* Problem to work on *
Line by line, print the records exactly, and keep images out of the copy.
═══ Source data
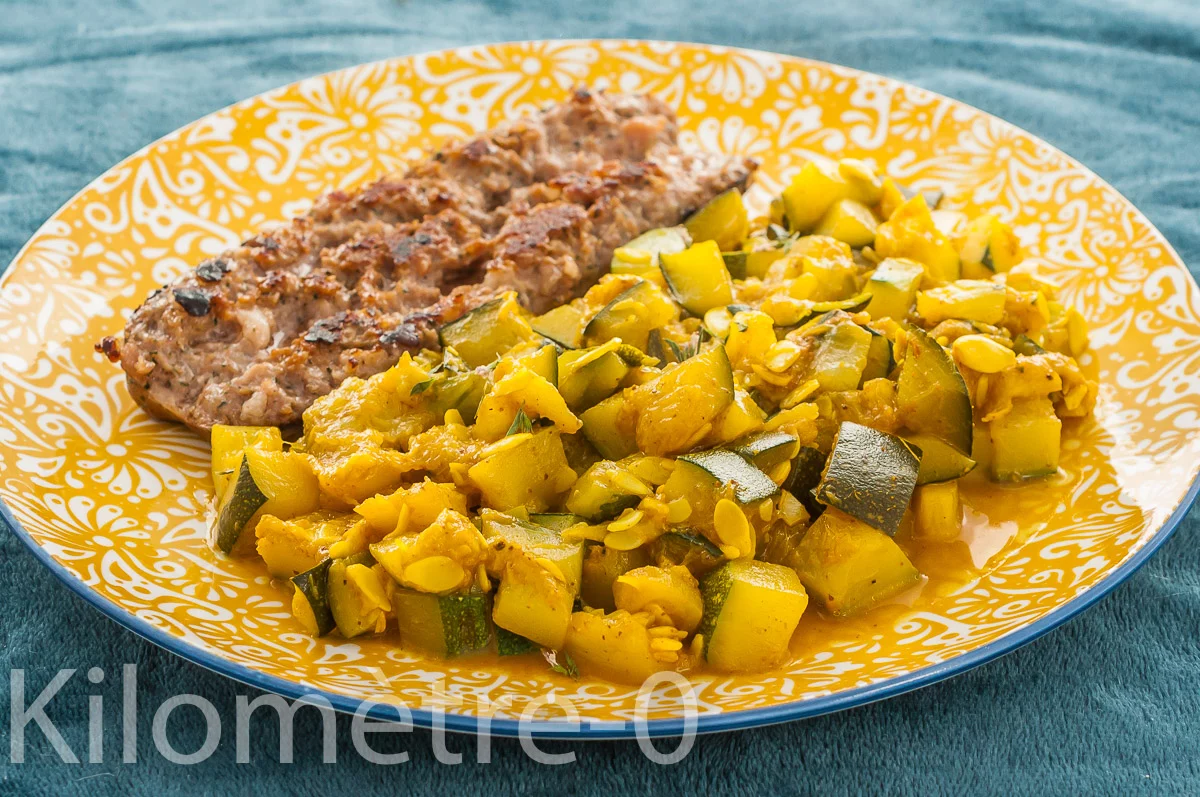 Photo de recette de grillades, saucisses, grillées, courgettes, légumes, sautées, curcuma, facile, rapide, été, automne, Kilomètre-0, blog de cuisine réalisée à partir de produits de saison et issus de circuits courts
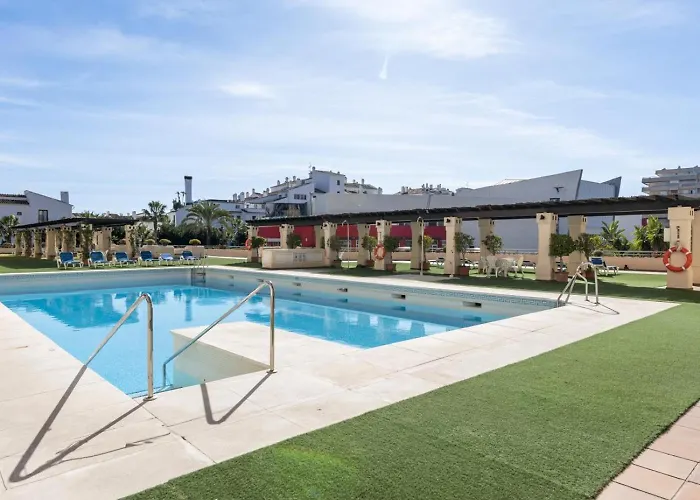 Vistas Al Mar En El Centro De Puerto Banus 3 4h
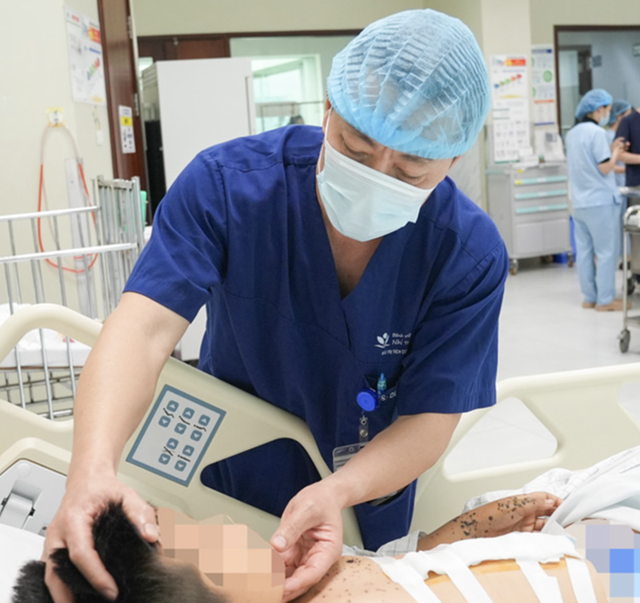 Nhặt được vật lạ nhấp nháy, bé 9 tuổi cầm lên chơi không ngờ thủng dạ dày, hỏng mắt - Ảnh 1.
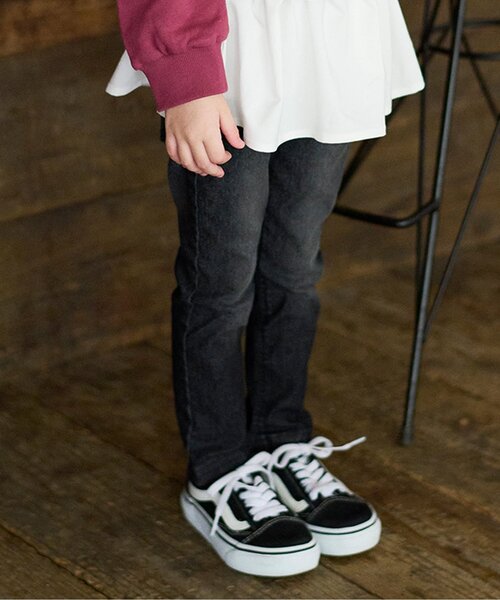 BREEZE(ブリーズ)の「/もっとスキニーデニムパンツ 10分丈(その他パンツ・キッズ・ブラック/ネイビー・90/100/110/120/80/130/140/150)」の1枚目の写真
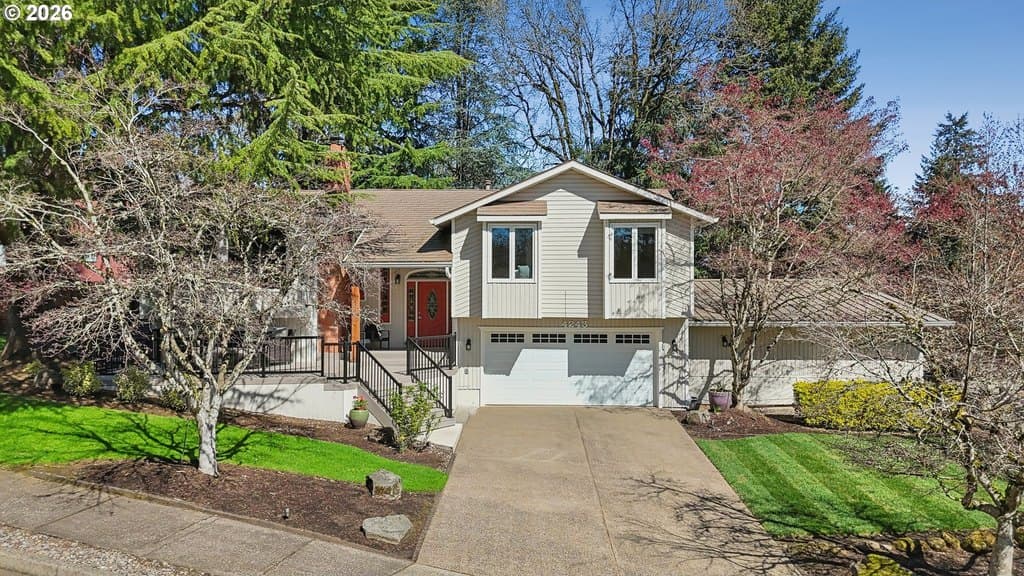 5 bedroom house for sale at 4243 Spring Rock Cir West Linn 97068 - $874,000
══════
* Task response *
 Photo de recette de grillades, saucisses, grillées, courgettes, légumes, sautées, curcuma, facile, rapide, été, automne, Kilomètre-0, blog de cuisine réalisée à partir de produits de saison et issus de circuits courts
 Vistas Al Mar En El Centro De Puerto Banus 3 4h
 Nhặt được vật lạ nhấp nháy, bé 9 tuổi cầm lên chơi không ngờ thủng dạ dày, hỏng mắt - Ảnh 1.
 BREEZE(ブリーズ)の「/もっとスキニーデニムパンツ 10分丈(その他パンツ・キッズ・ブラック/ネイビー・90/100/110/120/80/130/140/150)」の1枚目の写真
 5 bedroom house for sale at 4243 Spring Rock Cir West Linn 97068 - $874,000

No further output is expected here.